Content starts

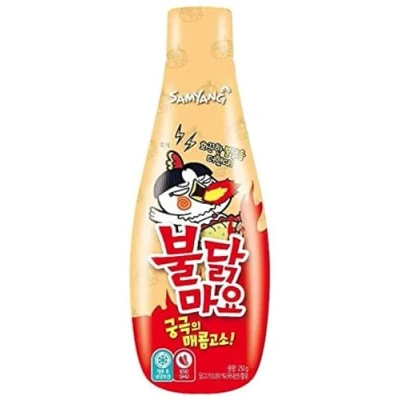 Afbeelding van Samyang Spicy Hot Chicken Bulldark Saus Geroosterde Mayonaise 250 g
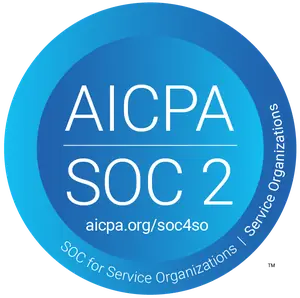 AICPA SOC logo: AJQ has received an independent SOC 2 Type 2 report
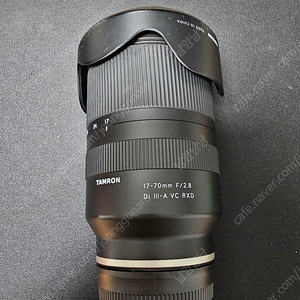 탐론 17-70mm F2.8 소니 E 마운트 렌즈 팝니다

Content ends

Exercise requirements
Restate, exactly as they appear, the line with "AICPA SOC logo: AJQ" and all the lines after it up to the end of the data above; images do not belong in the copy.

Solution to the problem
 AICPA SOC logo: AJQ has received an independent SOC 2 Type 2 report
 탐론 17-70mm F2.8 소니 E 마운트 렌즈 팝니다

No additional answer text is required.